PhenoGMM: Gaussian mixture modelling of microbial cytometry data enables efficient predictions of biodiversity
This repository accompanies the manscript "PhenoGMM: Gaussian mixture modelling of microbial cytometry data enables efficient predictions of biodiversity" by P. Rubbens, R. Props, F.-M. Kerckhof, N. Boon and W. Waegeman. Biorxiv ID: 641464.

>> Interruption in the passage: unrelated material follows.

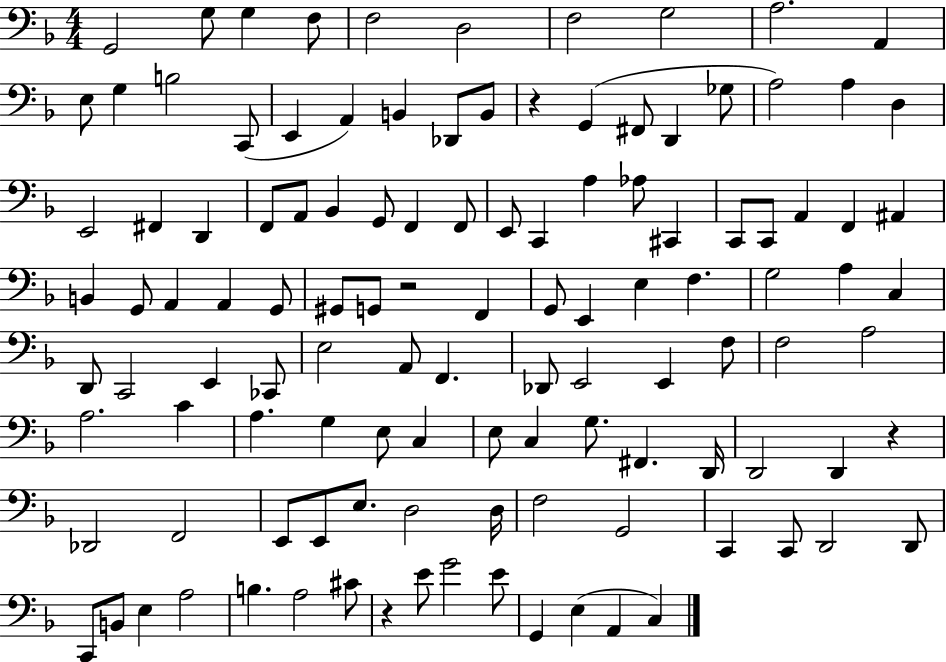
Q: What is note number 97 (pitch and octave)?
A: C2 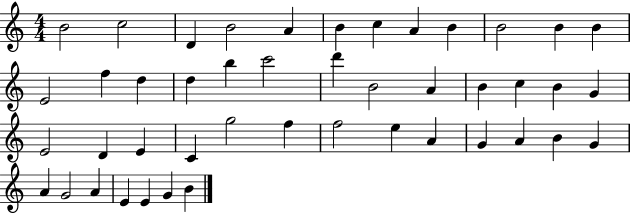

Motivation: Microbial flow cytometry allows to rapidly characterize microbial community diversity and dynamics. Recent research has demonstrated a strong connection between the cytometric diversity and taxonomic diversity based on 16S rRNA gene amplicon sequencing data. This creates the opportunity to integrate both types of data to study and predict the microbial community diversity in an automated and efficient way. However, microbial flow cytometry data results in a number of unique challenges that need to be addressed.
Results: The results of our work are threefold: i) We expand current microbial cytometry fingerprinting approaches by using a model-based fingerprinting approach based upon Gaussian Mixture Models, which we called PhenoGMM. ii) We show that microbial diversity can be rapidly estimated by PhenoGMM. In combination with a supervised machine learning model, diversity estimations based on 16S rRNA gene amplicon sequencing data can be predicted. iii) We evaluate our method extensively by using multiple datasets from different ecosystems and compare its predictive power with a generic binning fingerprinting approach that is commonly used in microbial flow cytometry. These results confirm the strong connection between the genetic make-up of a microbial community and its phenotypic properties as measured by flow cytometry.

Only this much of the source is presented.